## Supplied entries
----------
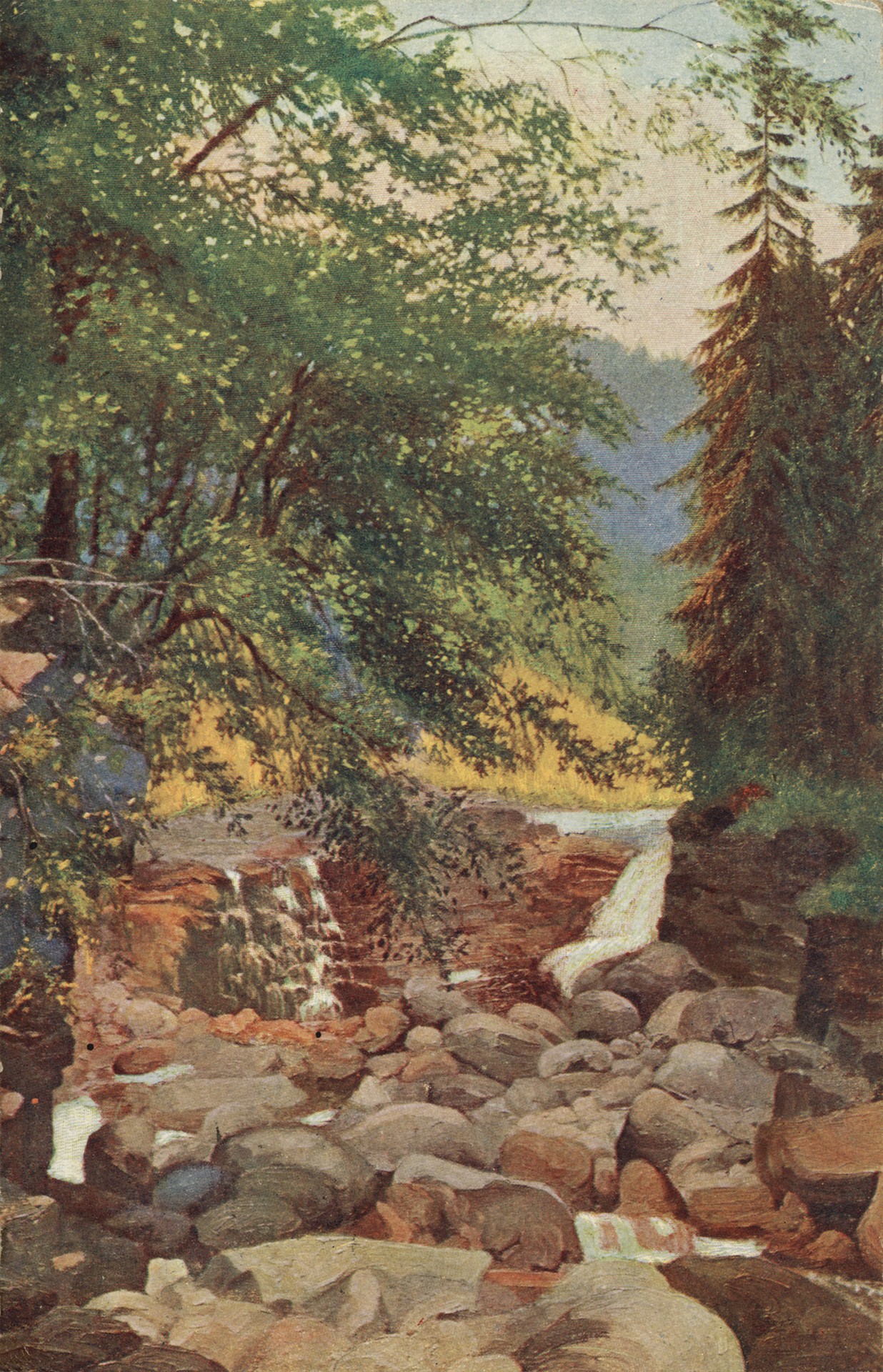 Каменистая речушка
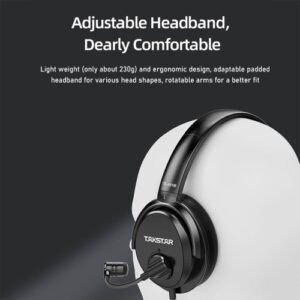 TAKSTAR TS-451M USB-Headset mit Mikrofon Kabelgebundener Kopfhörer Praktische Steuerung mit Stummschaltung für PC Laptop Smartphone Geeignet für Live-Streaming Online-Chat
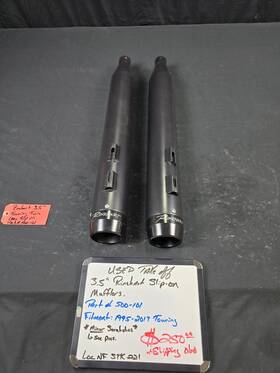 500-101 Rinehart 3.5 Inch Slip-ons Black With End Caps Part#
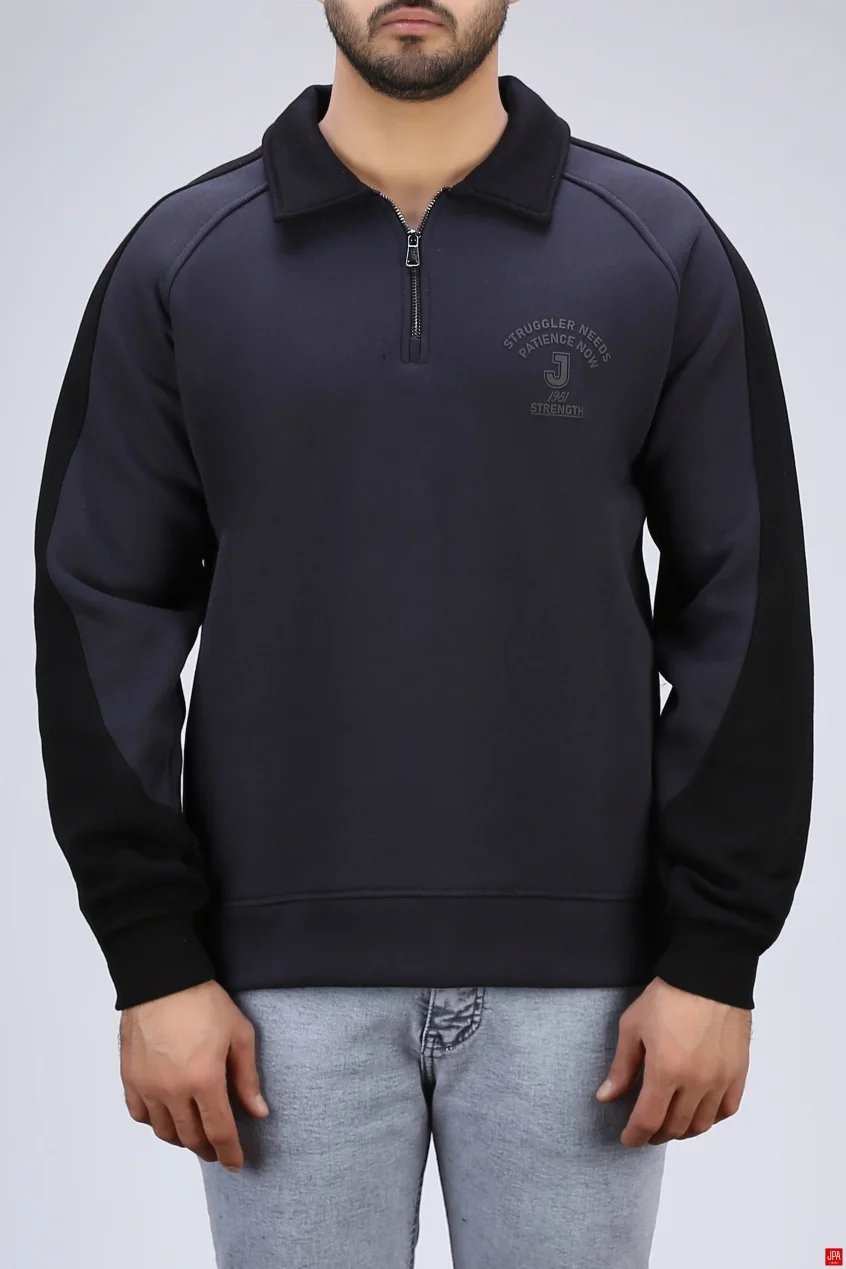 بلوز مردانه دورس نیم زیپ چاپی رگولار جی پی ای JPA کد 04191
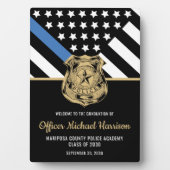 警察卒業パーティーThin Blue Line Welcome フォトプラーク (正面)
----------
## Aim of the exercise
Everything in the preceding material must be transcribed exactly, except the images.

## Task output
 Каменистая речушка
 TAKSTAR TS-451M USB-Headset mit Mikrofon Kabelgebundener Kopfhörer Praktische Steuerung mit Stummschaltung für PC Laptop Smartphone Geeignet für Live-Streaming Online-Chat
 500-101 Rinehart 3.5 Inch Slip-ons Black With End Caps Part#
 بلوز مردانه دورس نیم زیپ چاپی رگولار جی پی ای JPA کد 04191
 警察卒業パーティーThin Blue Line Welcome フォトプラーク (正面)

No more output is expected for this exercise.